Himalayan Art Resources item no. 18364.
51 3/4 by 23 1/4 in. (129 by 59 cm)

Provenance:
The Tibetan inscription on the silk veil may be translated as follows:

Om mahakala vikala ratri[k]a hum bhyo shatrun maraya hum phat! Through a compassionate display of raging wrath, the terrifying warrior with four faces, four arms, one leg bent and the other one stretched out, stands majestically upon samaya offenders. His dark blue body [wears] a warrior’s [bone] attire. He holds a sword, a skull, a spear, a garland of heads, a chopper, a vase, and innumerable weapons. The faces are light yellow, greenish red, and variegated. Through the manifestation of the four activities you protect the Buddha’s teachings. The four supreme consorts and the eight classes of malevolent deities partake in slaughtering a gathering of twenty one tribal (Tibetan: mon pa) men and women. The Lord of Life in union with his consort are the thieves of mortal beings’ vital breath. Surrounded by an ocean of oath-bound protectors, I bow down to you. Blessed Nepalese metal images (bal li), jewels, silk brocades, animal pelts, and this sharp-pointed sword, were offered symbolically (…) by the monk Palden Chökyong as a thanksgiving for a well [granted] former request. This was realised in accordance with the Dharma to accomplish what was wished for. Sarva Mangalam.

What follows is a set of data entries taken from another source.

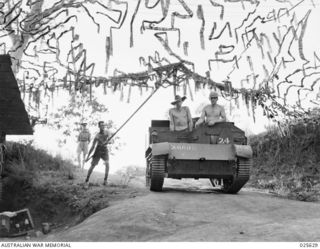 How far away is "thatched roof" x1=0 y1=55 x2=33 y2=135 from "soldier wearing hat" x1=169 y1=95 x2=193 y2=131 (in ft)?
10.7

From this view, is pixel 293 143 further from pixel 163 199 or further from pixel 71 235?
pixel 71 235

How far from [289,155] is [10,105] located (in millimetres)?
10831

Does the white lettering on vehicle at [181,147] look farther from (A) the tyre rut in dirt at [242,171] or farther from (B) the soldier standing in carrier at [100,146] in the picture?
(B) the soldier standing in carrier at [100,146]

The text written on the silk veil reveals that the painted khatta represents a symbolic depiction of Chaturmukha Shrimahakala and his consorts. The display of attributes alone would appear to be consistent with Sakya tradition, whereby this four-faced and four-armed manifestation of Mahakala is rarely depicted in art and never shown to the uninitiated. In this form, Shrimahakala is the chief protector deity of Ngor Monastery, where the abbots were compelled to receive ritual permission for practicing the deity prior to their installation ceremony as head of the monastery, see Jörg Heimbel, Vajradhara in Human Form: The Life and Times of Ngor chen Kun dga’ bzang po, Lumbini, 2017, pp. 263–64.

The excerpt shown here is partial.